*** Opening Data ***

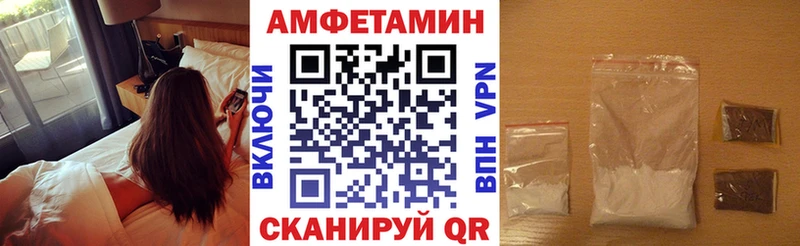 где продают   Моздок  Amphetamine VHQ 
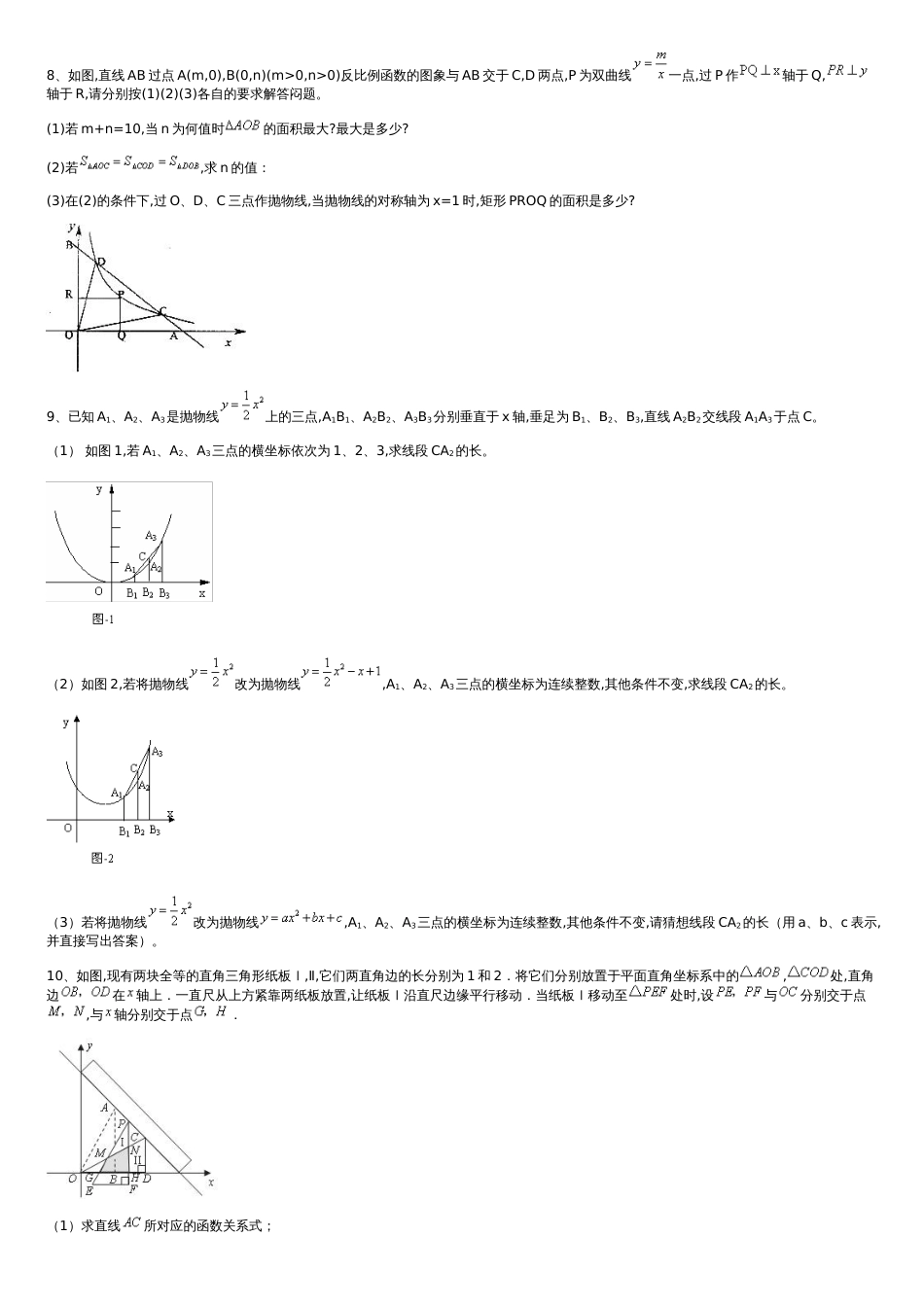 初中数学二次函数经典综合大题练习卷[共20页]_第3页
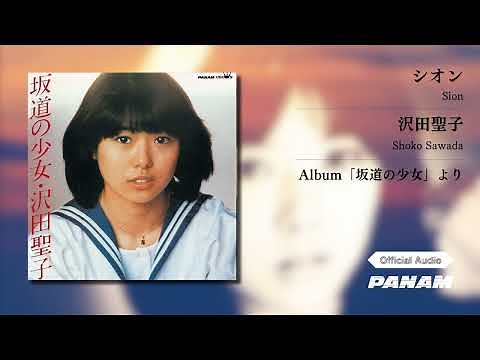 沢田聖子 (Shoko Sawada) – シオン (Official Audio)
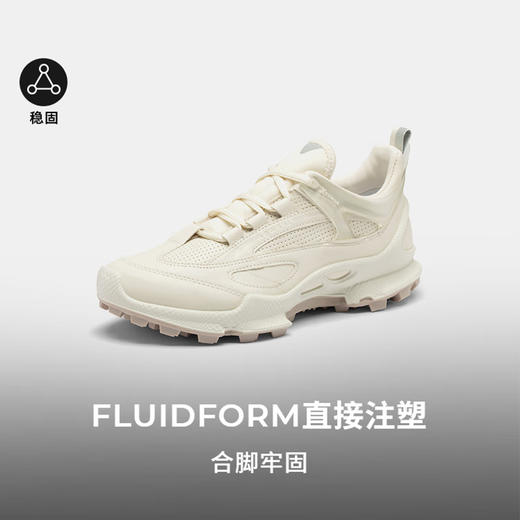 ECCO爱步 女运动户外鞋 80332350412 商品图2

*** Closing Data ***

Make an exact copy of the listing. Do not carry over its pictures.

 где продают   Моздок  Amphetamine VHQ 
 初中数学二次函数经典综合大题练习卷[共20页]_第3页
 沢田聖子 (Shoko Sawada) – シオン (Official Audio)
 ECCO爱步 女运动户外鞋 80332350412 商品图2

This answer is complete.